After forming the cutting groove 17 along all the planned dividing lines 13 along the X-axis direction, the work clamp table 32 is rotated 90 degrees by the rotating mechanism, and follows all the planned dividing lines along the X-axis direction in the same way again. 13 to form the cutting groove 17.

Thereby, a dicing groove 17 having a predetermined depth is formed in the entire area corresponding to the planned dividing line 13 on the rear surface 11b side. Furthermore, the kerf width (that is, the width of the cutting groove 17) of the cutting edge 34c of the cutting blade 36 is a predetermined value, for example, not less than 10 μm and not more than 100 μm. roughly the same.

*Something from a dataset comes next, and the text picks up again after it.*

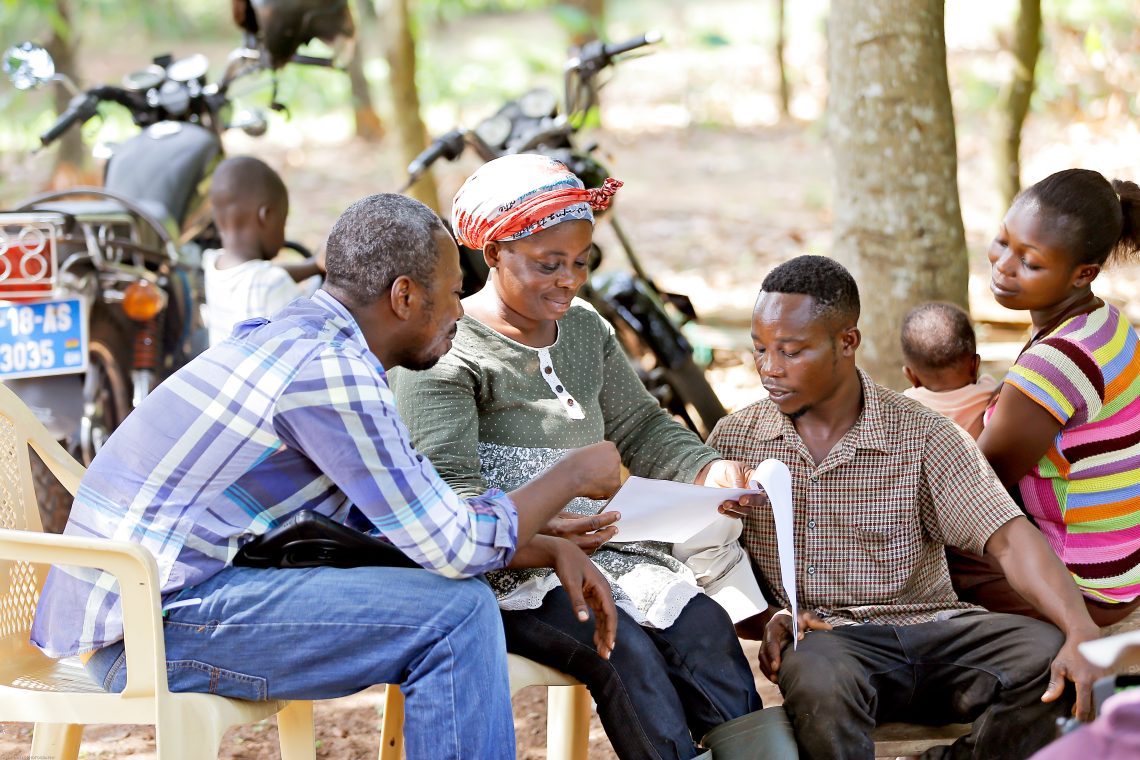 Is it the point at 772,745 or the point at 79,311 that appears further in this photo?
the point at 79,311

The substrate 11 after the dicing groove 17 is formed has a corner portion 17 a on the rear surface 11 b side of the dicing groove 17 . That is, the board|substrate 11 has the edge part of the cut groove 17 in the back surface 11b, ie, the corner part 17a. The corner portion 17 a may also be a corner portion on the back surface 11 b side of the substrate 11 formed by the dicing groove 17 . As shown in FIG. 4, the corner portion 17a immediately after the dicing groove 17 is formed has a right-angled shape.

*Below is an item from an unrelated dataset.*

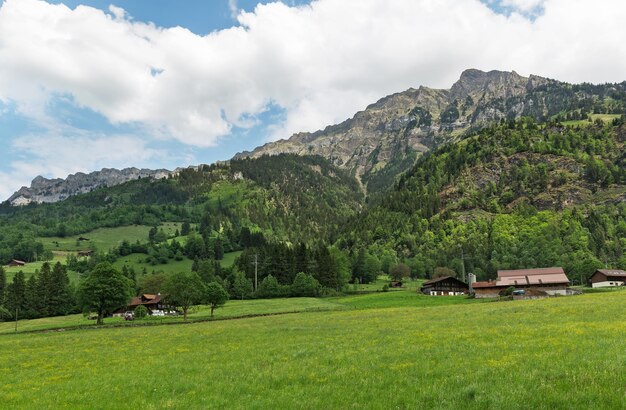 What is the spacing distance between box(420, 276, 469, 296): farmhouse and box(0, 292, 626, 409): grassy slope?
106680 mm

After the dicing groove forming step ( S20 ), the back surface 11 b of the substrate 11 is polished by a polishing device (polishing step ( S30 )). FIG. 5 is a perspective view showing a grinding step (S30). 6 (A) is a partial cross-sectional side view of the polishing pad 54d and the optical element wafer 19 in the polishing step (S30), and FIG. 6 (B) is a partial view of the optical element wafer 19 after the polishing step (S30). Sectional view.

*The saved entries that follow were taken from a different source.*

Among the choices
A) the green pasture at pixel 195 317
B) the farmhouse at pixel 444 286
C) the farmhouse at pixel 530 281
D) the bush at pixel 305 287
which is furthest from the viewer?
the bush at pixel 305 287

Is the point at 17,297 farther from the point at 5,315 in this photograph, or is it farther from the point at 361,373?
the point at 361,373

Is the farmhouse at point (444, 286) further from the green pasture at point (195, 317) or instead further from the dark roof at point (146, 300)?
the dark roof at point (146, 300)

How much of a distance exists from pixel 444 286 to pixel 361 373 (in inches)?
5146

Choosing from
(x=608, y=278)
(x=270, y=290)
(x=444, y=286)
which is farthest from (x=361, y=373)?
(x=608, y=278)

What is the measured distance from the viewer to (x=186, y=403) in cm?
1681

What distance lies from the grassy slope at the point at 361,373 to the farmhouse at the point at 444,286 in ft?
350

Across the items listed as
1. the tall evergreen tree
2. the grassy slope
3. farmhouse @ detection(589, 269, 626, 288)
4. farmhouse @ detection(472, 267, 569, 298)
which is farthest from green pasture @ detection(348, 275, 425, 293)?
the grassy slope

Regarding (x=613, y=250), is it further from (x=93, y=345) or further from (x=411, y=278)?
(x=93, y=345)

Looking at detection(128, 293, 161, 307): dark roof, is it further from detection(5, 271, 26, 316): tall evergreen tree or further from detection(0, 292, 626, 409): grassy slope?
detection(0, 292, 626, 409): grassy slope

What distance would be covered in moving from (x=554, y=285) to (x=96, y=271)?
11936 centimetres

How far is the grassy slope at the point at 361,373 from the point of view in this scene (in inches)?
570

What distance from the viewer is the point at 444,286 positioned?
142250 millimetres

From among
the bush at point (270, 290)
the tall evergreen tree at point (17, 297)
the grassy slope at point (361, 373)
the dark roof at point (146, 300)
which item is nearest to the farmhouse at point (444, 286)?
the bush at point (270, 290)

In the polishing step ( S30 ), the rear surface 11 b of the substrate 11 is polished using the polishing apparatus 50 shown in FIG. 5 . The polishing device 50 includes a chuck table 52 that supports the optical element wafer 19 . This work chuck 52 is connected to a rotation mechanism (not shown) such as a motor, and can rotate at high speed around a rotation axis substantially parallel to the Z-axis direction.

The work holder 52 has a disc-shaped perforated plate 52 a on its upper surface, and the upper surface of the perforated plate 52 a is a holding surface 52 b formed to attract and hold the front surface 19 a side of the optical element wafer 19 through the protective member 21 .

This holding surface 52b is connected to a suction source (not shown) through a suction path 52c, a suction path 52d, and the like formed inside the chuck table 52. As shown in FIG. The front side 19a side of the optical element wafer 19 can be sucked and held by the chuck table 52 by allowing the negative pressure of the suction source to act on the holding surface 52b.

The grinding device 50 further includes a grinding unit (grinding unit) 54 at a position facing the chuck table 52 . The grinding unit 54 has a main shaft 54a that rotates about a rotation axis substantially parallel to the Z-axis direction. The main shaft 54a is raised and lowered by a lifting mechanism (not shown). A disc-shaped hub 54b is fixed to the lower end side of the main shaft 54a.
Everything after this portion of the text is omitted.